Negotiation (in the context of bills and money; obviously “to negotiate” means something else for wars and politics) is a special kind of transfer of ownership of something. Only very specific things can be negotiated. They are made negotiable by law, and they are called “negotiable instruments”.
You can get most of the meaning of “negotiable” when you think of “like cash” or “cash-like”. Physical money – banknotes and coins – are negotiable instruments as well, though they are rarely called that.
The special quality of negotiability, and the process of negotiation, is that when a thing is successfully negotiated (its ownership is transferred) the new owner has full ***legal*** ownership (called the “title”) of the thing _even if the previous “owner” didn’t._ They can become the true owner even if the person they got it from wasn’t the true owner.
As an example: Let’s say someone asks to borrow your phone, but doesn’t return it. They steal it. Then they sell it on Ebay or Craigslist or Facebook. The new “owner” doesn’t have legal title to the phone, because they bought it from someone who didn’t have legal title. This is because “you can’t sell what you don’t own”, as the law says in most cases. The person now has your phone, but they aren’t the true owner. You are still the true owner, because you have the title to it.
But let’s say you have en envelope full of money. Let’s even say you scribbled a tiny smiley face on every bill just for fun. Now someone steals the envelope of cash, and uses that cash at the local store to buy a lot of things. The store (or the store owner) now has that cash. In fact, they are the _true owner_ of that money now. That’s because cash is negotiable, and it was _negotiated for value_ to the store owner. The owner took it according to the rules of negotiation, so the store owner now has the title.
If you find the person holding your stolen phone, even though they are innocent and paid for it, you can take back the phone because you are still the true owner. It never stopped being legally yours. If you find your cash – with the little smiley faces still on the bills – at the same store the thief went to, you _cannot_ take it back. You don’t own it anymore, even though it was stolen from you, and even if you can prove those smiley-face bills were yours.
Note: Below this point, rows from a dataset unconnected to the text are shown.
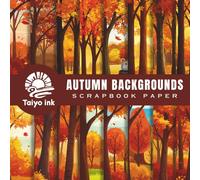 Autumn Backgrounds Scrapbook Paper: 20 Design of illustration Autumn views For Scrapbooking, Junk Journal Paper, Origami, Decoupage, Decoration, Mixed Media and more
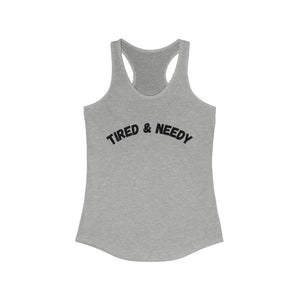 Tired & Needy Women's Ideal Racerback Tank
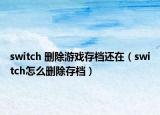 switch 删除游戏存档还在（switch怎么删除存档）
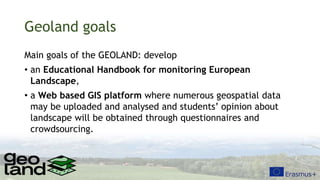 Geoland goals
Main goals of the GEOLAND: develop
• an Educational Handbook for monitoring European
Landscape,
• a Web base...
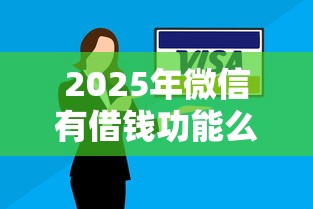 2025年微信有借钱功能么安全吗，整合五个征信不好,当前有逾期本人急需能借钱的平台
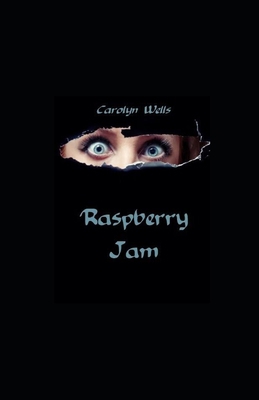 Raspberry Jam Illustrated 1679533126 Book Cover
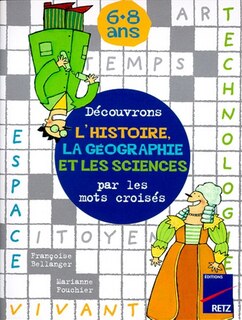 Couverture_Découvrons l'histoire, la géographie et les sciences par les mots croisés, 6-8 ans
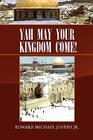 Yah May Your Kingdom Come! By Jr. Joseph, Edward Michael Cover Image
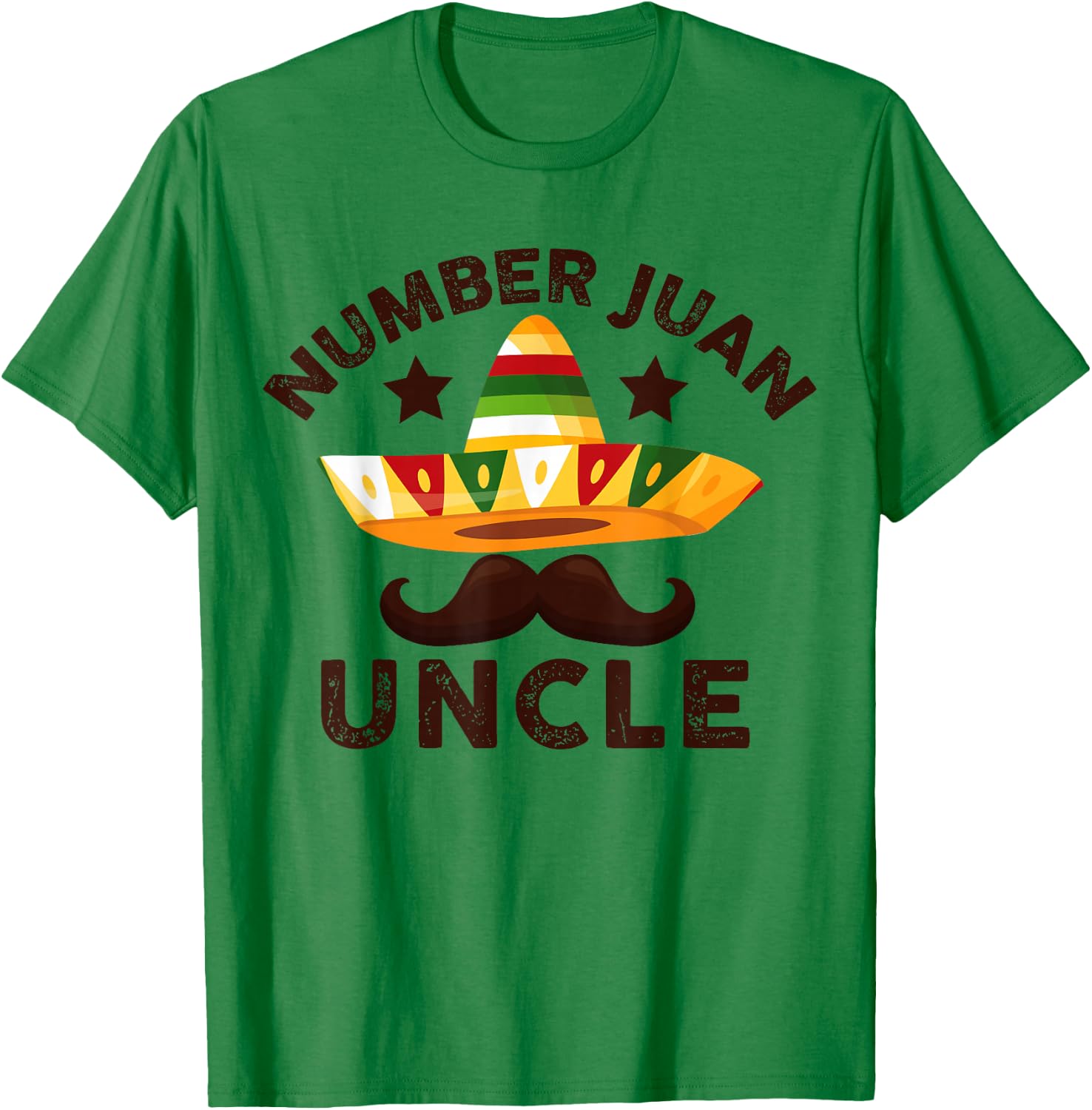 Number One Juan Uncle Funny Mexican Uncles Father's Day T-Shirt - T-Shirt | Irish Green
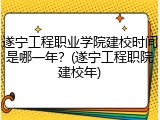 遂宁工程职业学院建校时间是哪一年？(遂宁工程职院建校年)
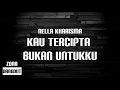 Nella Kharisma - Kau Tercipta Bukan Untukku (Lirik)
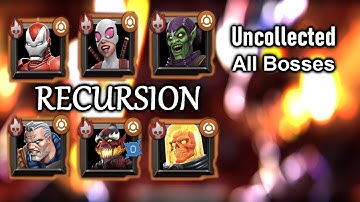 Uncollected "RECURSION" All Bosses - Marvel Contest Of Champions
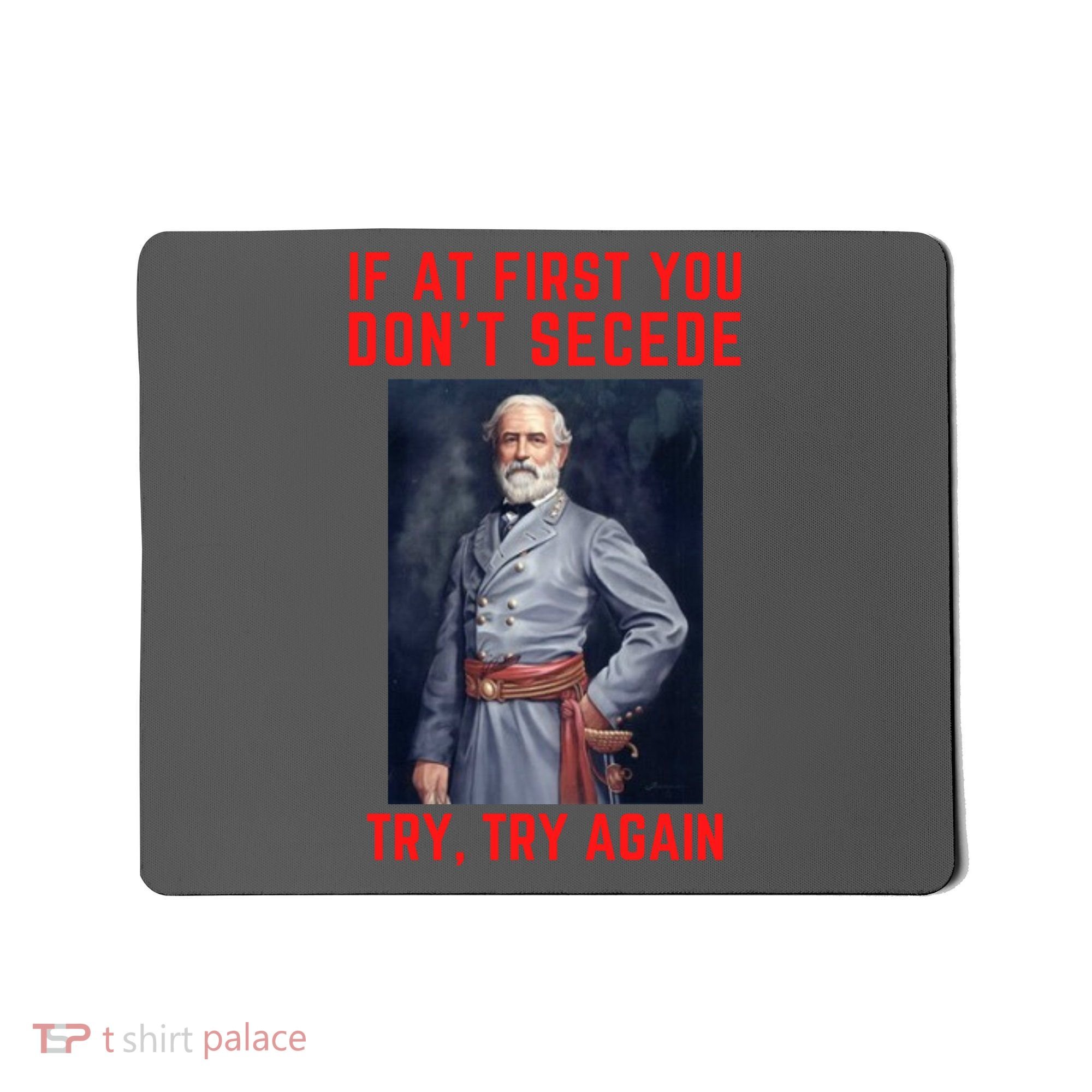 Funny Robert E. Lee Secede Civil War Secession Mousepad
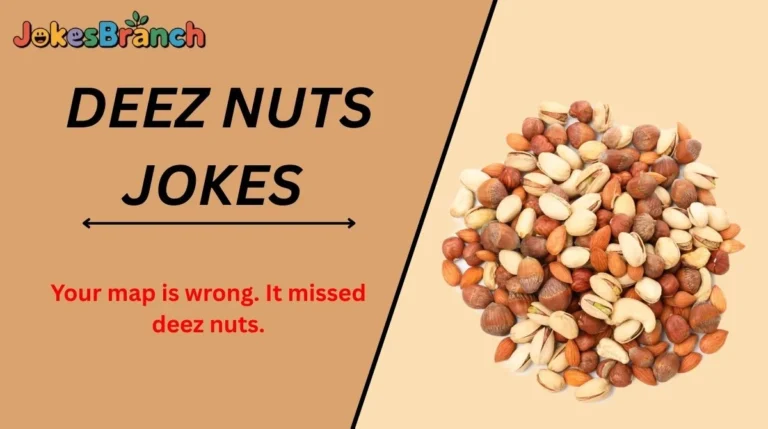 Deez Nuts Jokes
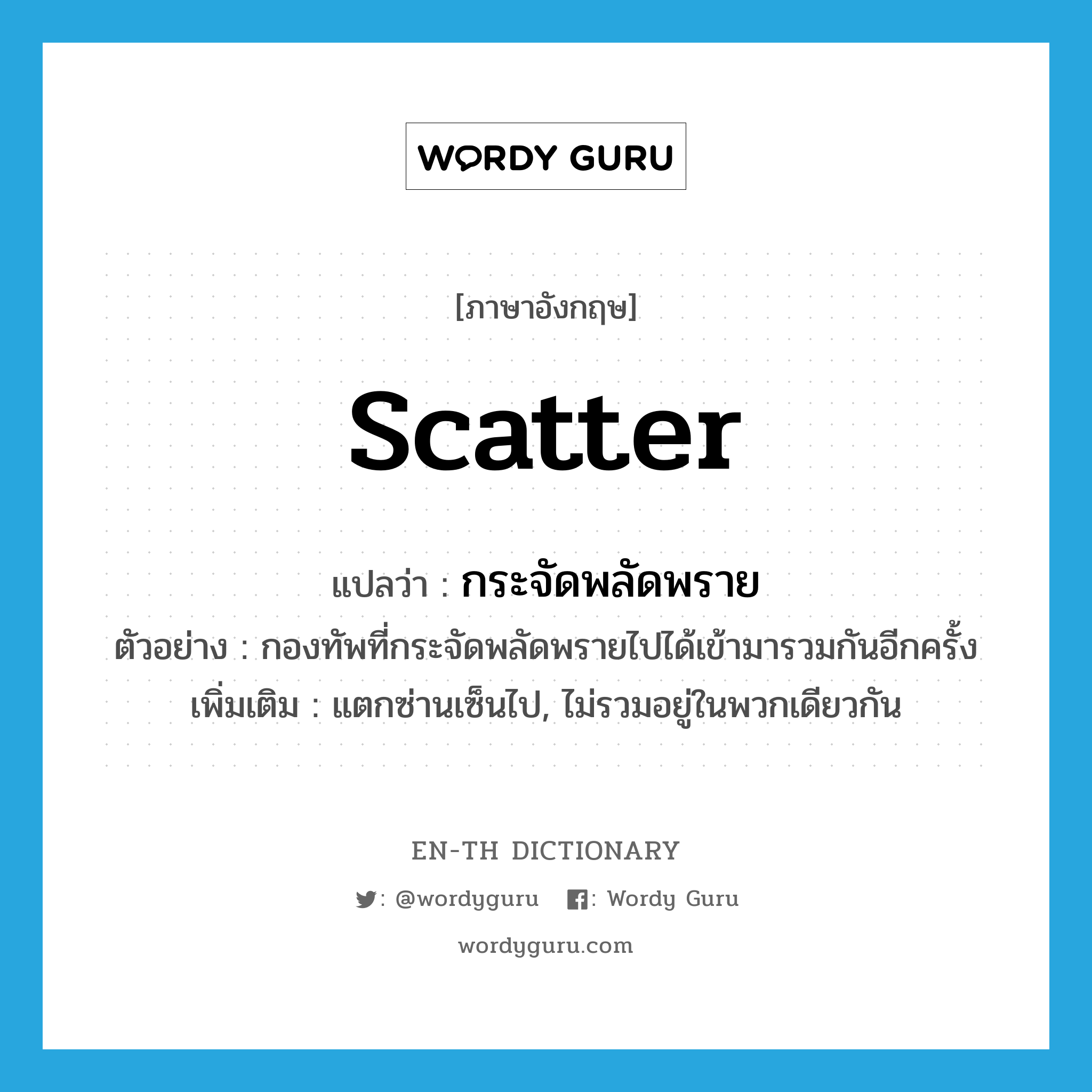 scatter แปลว่า?, คำศัพท์ภาษาอังกฤษ scatter แปลว่า กระจัดพลัดพราย ประเภท V ตัวอย่าง กองทัพที่กระจัดพลัดพรายไปได้เข้ามารวมกันอีกครั้ง เพิ่มเติม แตกซ่านเซ็นไป, ไม่รวมอยู่ในพวกเดียวกัน หมวด V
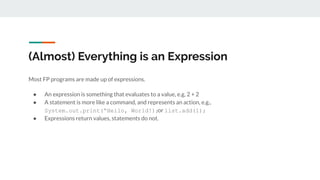 (Almost) Everything is an Expression
Most FP programs are made up of expressions.
● An expression is something that evaluates to a value, e.g, 2 + 2
● A statement is more like a command, and represents an action, e.g.,
System.out.print(“Hello, World!);or list.add(1);
● Expressions return values, statements do not.
 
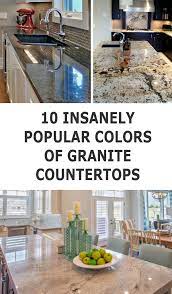 10 Delightful Granite Countertop Colors With Names And Pictures Granite Countertops Kitchen Remodel Countertops Countertops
(Of course, the thief is always responsible for the damage, and in any case the person who “loses out” can pursue the thief to be paid back.)
Negotiable instruments have this special quality. They _can_ be sold or traded even by someone who doesn’t own them. This is a feature, not a bug. The ability to negotiate bills, cheques, and promissory notes was very useful in past times, with the way traders and merchants ran their businesses. The unfairness of the original owner wrongly losing title was seen as less important than the ability to pay with negotiable instruments, and accept negotiable instruments as payment, with the same confidence as cash.
As a last detail: Negotiation isn’t always as simple as just handing something over. In the case of banknotes or “bearer instruments” (such as cheques made out to “cash” or “bearer”) simply delivering them is enough to negotiate them. However for some instruments, like cheques made out to specific payees, negotiation also requires _endorsement_, or signing over the instrument by the current person holding it. Negotiation must be done the right way, according to the rules, which are specified in the law. If it is not done correctly, it doesn’t work to transfer the title.